Ultrashort Phase‐Matching Wavelength and Strong Second‐Harmonic Generation in Deep‐UV‐Transparent Oxyfluorides by Covalency Reduction

Abstract

AbstractThe development of urgently‐needed ultraviolet (UV)/deep‐UV nonlinear optical (NLO) materials has been hindered by contradictory requirements of the microstructure, in particular the need for a strong second‐harmonic generation (SHG) response as well as a short phase‐matching (PM) wavelength. We herein employ a “de‐covalency” band gap engineering strategy to adjust the optical linearity and nonlinearity. This has been achieved by assembling two types of transition‐metal (TM) polyhedra ([TaO2F4] and [TaF7]), affording the first tantalum‐based deep‐UV‐transparent NLO materials, A5Ta3OF18 (A = K (KTOF), Rb (RTOF)).
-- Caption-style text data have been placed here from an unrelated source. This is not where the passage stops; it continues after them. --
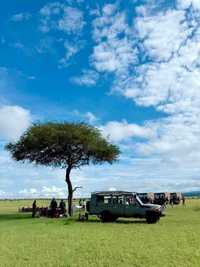 Bush Lunch Arrangement
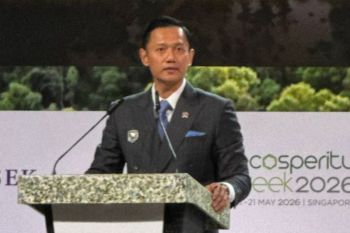 Indonesia plans 575-km Giant Sea Wall to protect economy: AHY
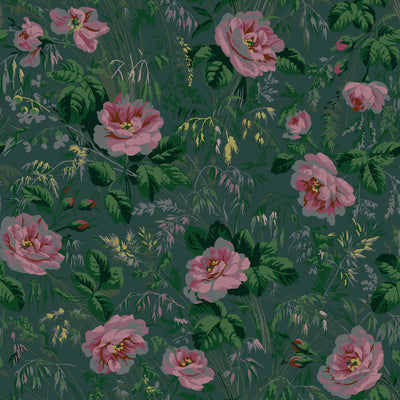 Roses de Monet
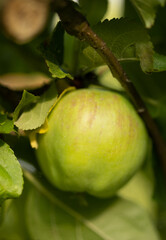 macro photo of a green apple on a tree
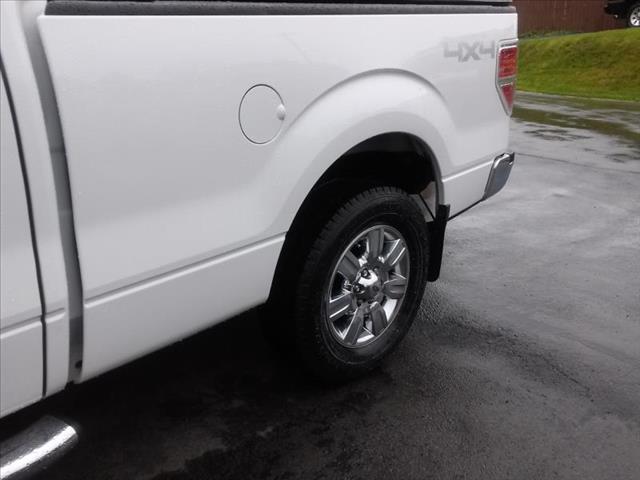 Ford F150 XLT 2010 photo 1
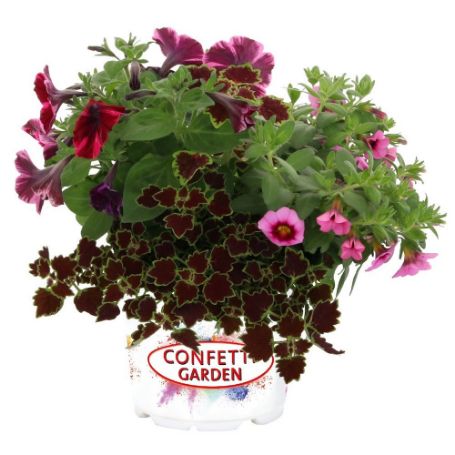 Picture of Confetti Garden® Evening Safari Flower Combination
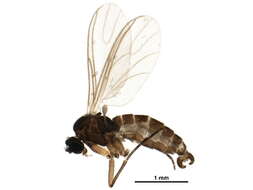 Image of Bradysia tilicola (Loew 1850)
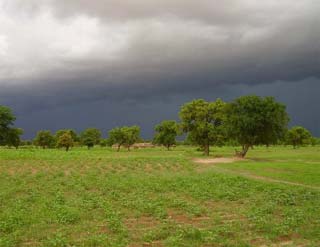 De bonnes pluies à Guiè, Burkina Faso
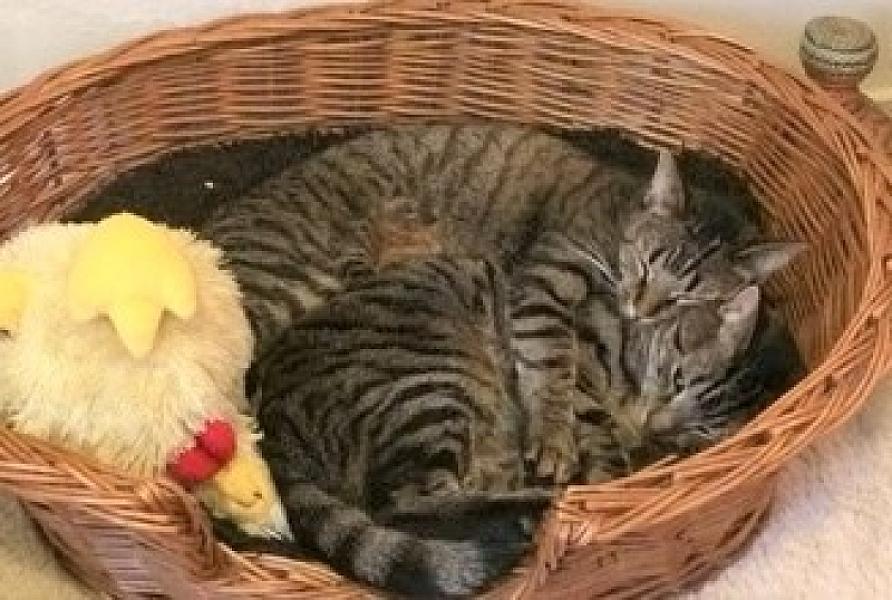 Kattenpraat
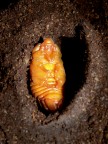mummia Aliena (Oryctes nasicornis) mummia Aliena (Oryctes nasicornis)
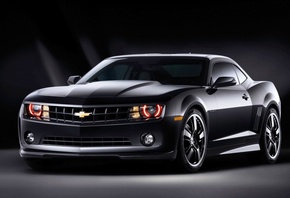 �������, ����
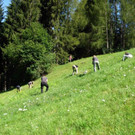 Die motivierte Vielfaltertruppe beim Ausreissen des Adlerfarns DSCN1818.JPG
Experimental and theoretical studies reveal that the highly ionic bonds and strong electropositivity of tantalum in the two oxyfluorides induce record short PM wavelengths (238 (KTOF) and 240 (RTOF) nm) for d0‐TM‐centered oxides, in addition to strong SHG responses (2.8 × KH2PO4 (KTOF) and 2.6 × KH2PO4 (RTOF)), and sufficient birefringences (0.092 (KTOF) and 0.085 (RTOF) at 546 nm). These results not only broaden the available strategies for achieving deep‐UV NLO materials by exploiting the currently neglected d0‐TMs, but also push the shortest PM wavelength into the short‐wavelength UV region.